New York
New York
It has been a long time since I've been in New York City and so much has changed since my last visit that it feels new and strange, while at the same time feeling very familiar. Perhaps it is like T.S. Eliot talks about in the Four Quartets about returning to where I started and approaching it as new, but not quite like Robert Pirzig as he set out on his motorcycle to re-encounter ghosts from his past.
Yet the guide book that feels most applicable, and one that I have in my satchel, is Thoreau's Cape Cod, so perhaps I shall write from a frame closer to his.
I embarked out of Milford on a warm grey morning. The humid air had an almost tropic feel to it, like it did shortly before Hurricane Irene hit, but it was not to be a stormy day. The train was part of the new fleet. It was all bright, clean, and shiny. The stainless shell fixtures were stylishly curved and there were power outlets for each row of seats. The train was packed so I sat next to a young woman traveling from New Haven into New York. I would have to reach past her to use the power outlets, but my devices were well charged so I ran off of the batteries.
I checked assorted messages on my cellphones and did a little writing on the laptop I was carrying; a MacBook Pro, provided by work, primarily for video editing but also for times when I travel and need a laptop.
The young woman was reading a copy of Nathaniel Hawthorne's The Scarlet Letter. She had a small star on the back of each of her hands between her thumb and index finger, and a tattoo on her right wrist of a rubber duckie. Her eyelashes were darkened with mascara and there was glitter around her eyes. The curve of the black eyelashes set against the glitter looked like a stylized teardrop.
I disembarked from the train in Grand Central Terminal. It was a familiar old venue with the constellations on the ceiling, the clock where I've often met friends, the escalators, ticket booths, and commuters scurrying to their destination. They were the extras that have been appearing in The Daily Commute since I first started commuting into New York over two decades ago.
It was when I exited Grand Central Terminal that I really noticed the differences. A decade or two ago, I was one of these businessmen, thinking about calculations of asset values. I have long since discarded the business suit, but I remembered those days. Was I less observant of the people around me in those days, as I was caught up in my career, or is it simply the passage of time that has erased the details of the characters I daily walked passed? I'm not sure. Perhaps it is some of both, because even as I write this later in the day, memories of the people around me have faded.

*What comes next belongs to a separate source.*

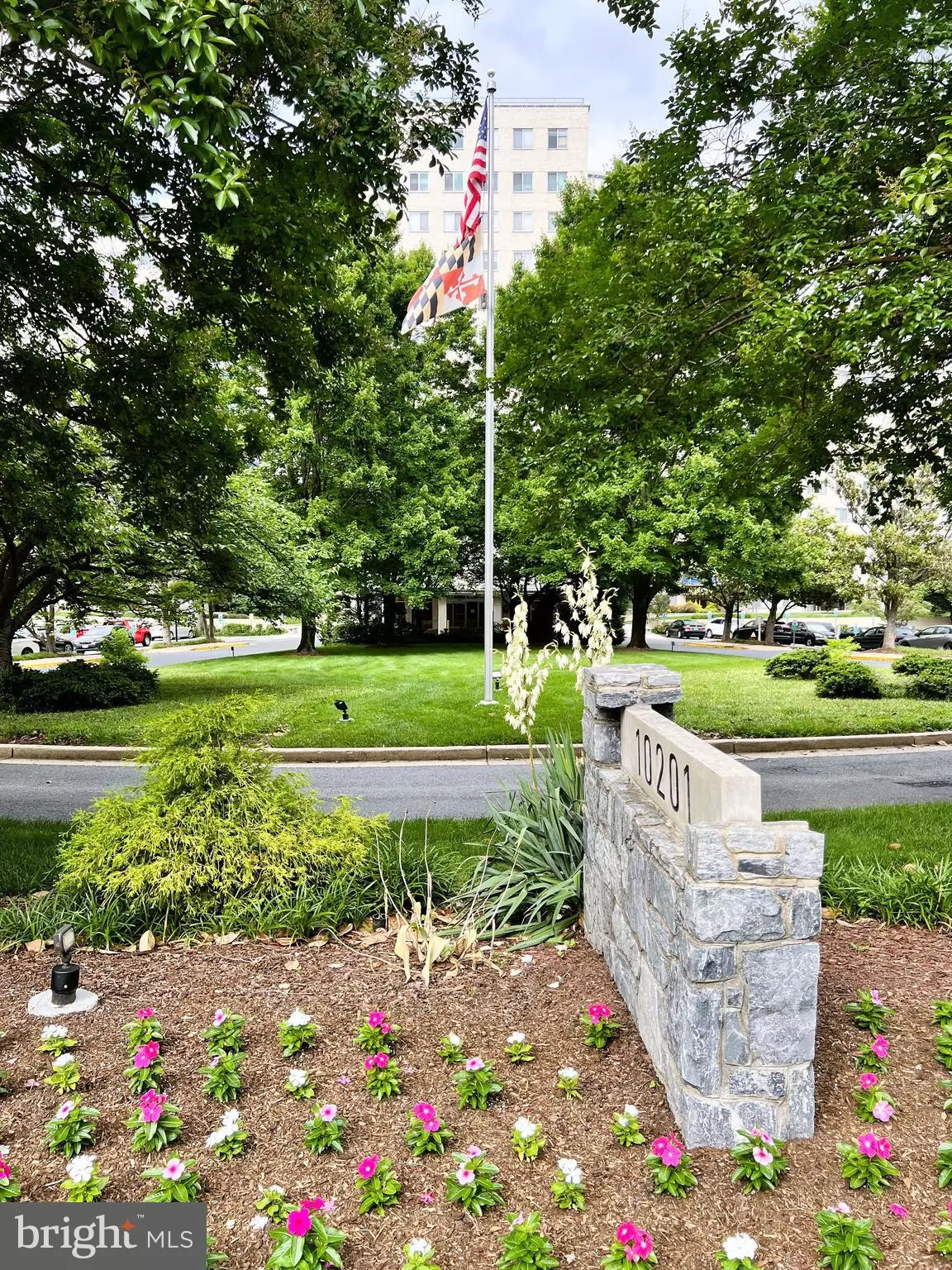Rockville, MD 20852,10201 GROSVENOR PL #915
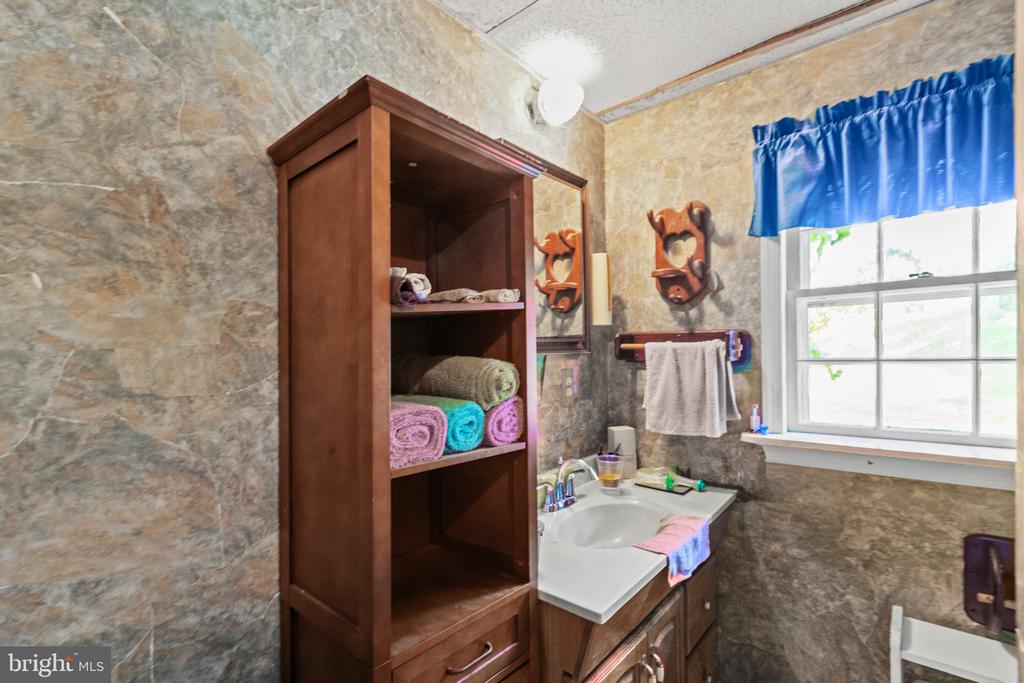 13142 BRADLEY LANE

Yet one thing that does stay with me is the sense of Walt Whitman as he crossed Brooklyn Ferry and reflected on his fellow travelers. How curious they are to me. As I crossed one of the major avenues, I found myself behind two impeccably dressed young men, one black, one hispanic, both carrying white mannikins wrapped in plastic. They maneuvered their cargo past the stainless steel coffee cart on the sidewalk, surrounded by construction workers who looked on at the comings and goings of the city showing no interest in the men with their mannikins.
Soon, an older hispanic looking man, carrying a platter of pastries and a carafe of coffee passed me heading the other direction. As I approached Time Square the businessmen and the secretaries heading off to work decreased and the number of folks from out of town, looking at the sights increased.
Years ago, when I had lived if rougher parts of New York, I had learned not to make eye contact with the people on the street. Yet I was curious. What were the stories off all these people? What would they write on their Facebook walls when they got their chance? I wished I could read some of their status updates, but I knew that would not be. Instead, I entered the Marriott Marquis where a conference on social media was about to begin. My compatriots for the day would be from publishing, advertising, agencies and brands, exploring how to exploit social media to get their message out, and not the writers and thinkers that had accompanied me in my mind in my trip to New York, Thoreau, Eliot, and Whitman.